Work required: At the line containing "Certified 2022 Nissan", begin an exact copy of the lines below and continue through the final one, with no pictures.

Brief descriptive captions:
————
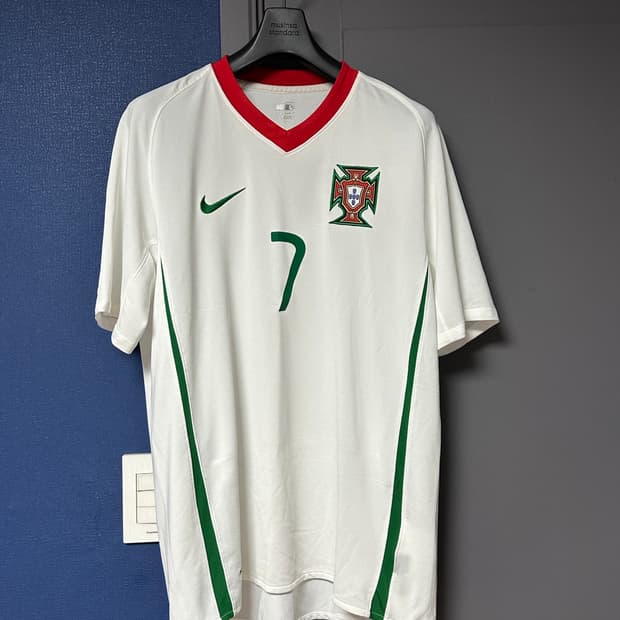 08-09 크리스티아누 호날두 포르투갈 국대 유니폼
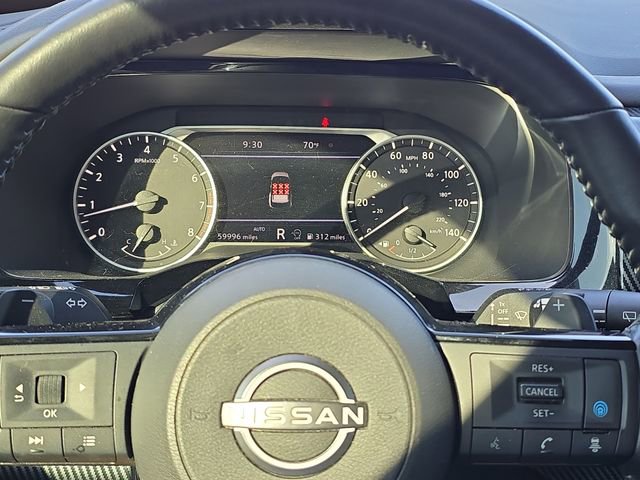 Certified 2022 Nissan Pathfinder SL w/ Lighting Package (N92) image 17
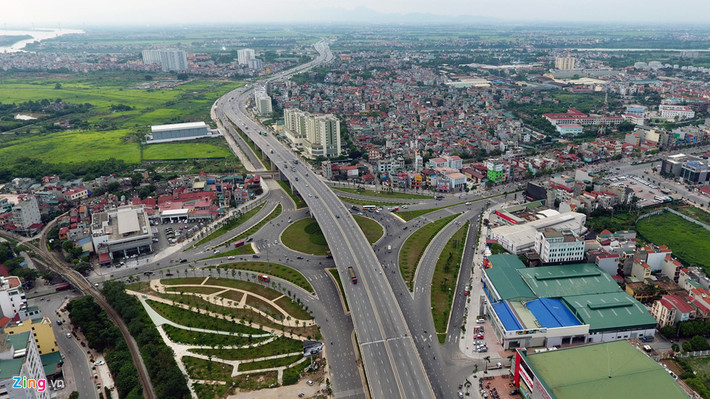 Nút giao Long Biên khởi công năm 2014 gồm hạng mục chính là cầu vượt qua vòng xuyến với 6 làn xe cơ giới, tổng chiều dài hơn 800m. Công trình được hoàn thiện đồng bộ gồm cầu vượt thép lớn nhất Việt Nam, hầm chui đường sắt, tổng mức đầu tư gần 3.000 tỷ đồng.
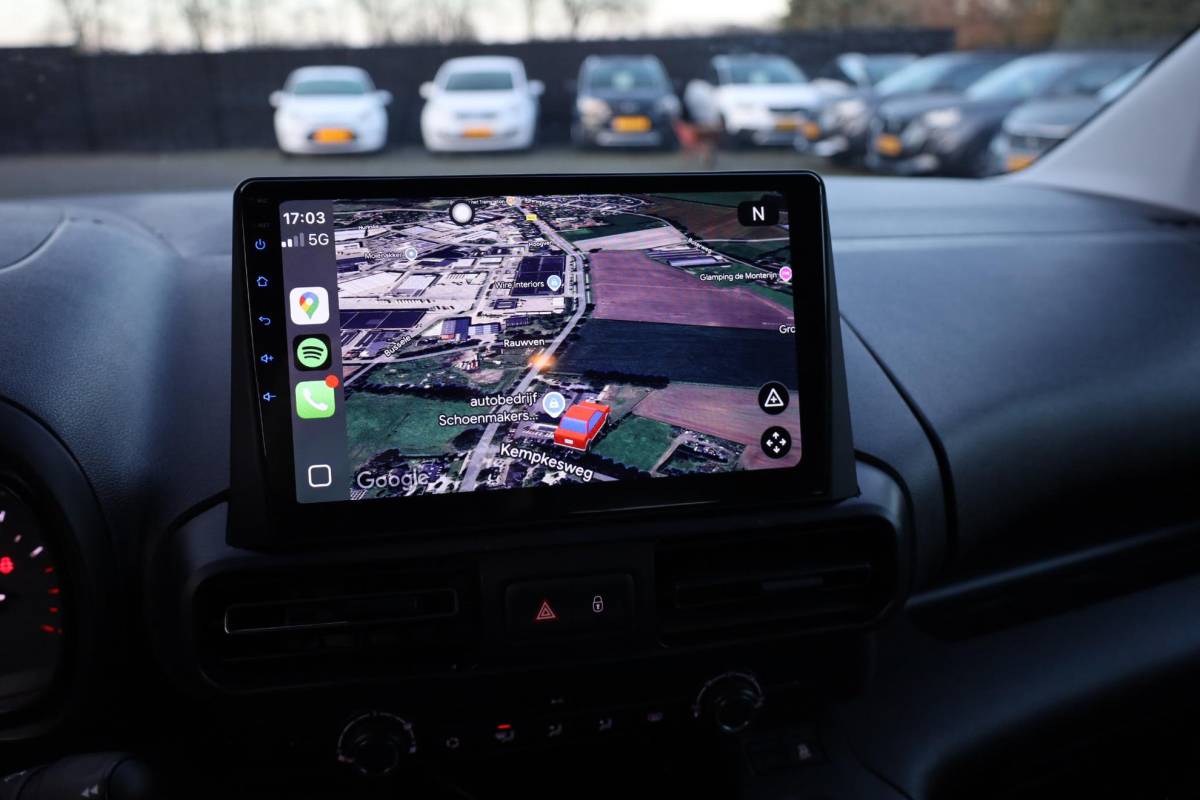 Citroën Berlingo Citroen Berlingo 1.2 PureTech TREKHAAK CARPLAY CAMERA CRUISE VERKEERSBORD/RIJBAANDETECTIE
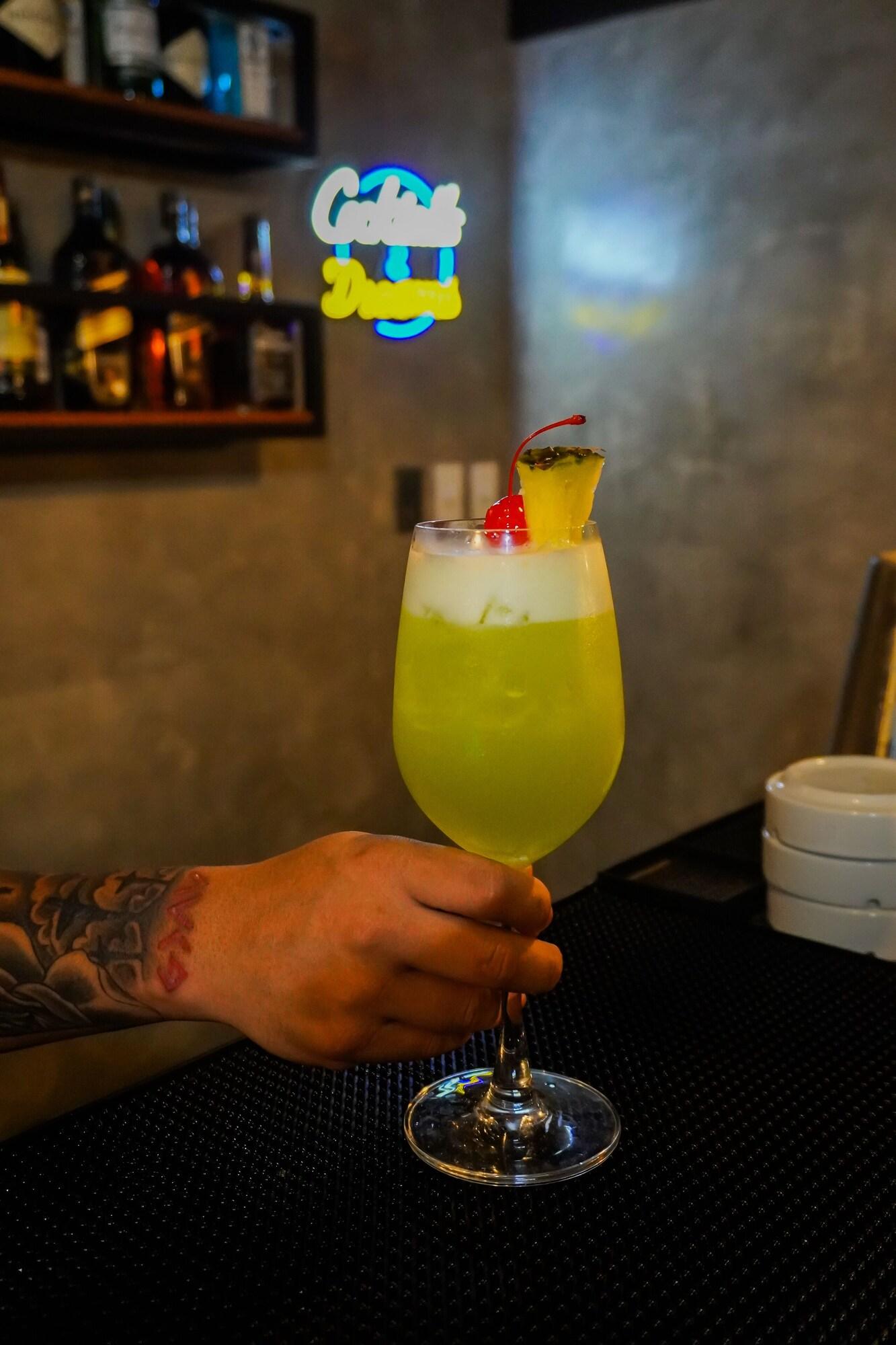 Bar/Salón Kommons by Kamino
————
Answer section:
 Certified 2022 Nissan Pathfinder SL w/ Lighting Package (N92) image 17
 Nút giao Long Biên khởi công năm 2014 gồm hạng mục chính là cầu vượt qua vòng xuyến với 6 làn xe cơ giới, tổng chiều dài hơn 800m. Công trình được hoàn thiện đồng bộ gồm cầu vượt thép lớn nhất Việt Nam, hầm chui đường sắt, tổng mức đầu tư gần 3.000 tỷ đồng.
 Citroën Berlingo Citroen Berlingo 1.2 PureTech TREKHAAK CARPLAY CAMERA CRUISE VERKEERSBORD/RIJBAANDETECTIE
 Bar/Salón Kommons by Kamino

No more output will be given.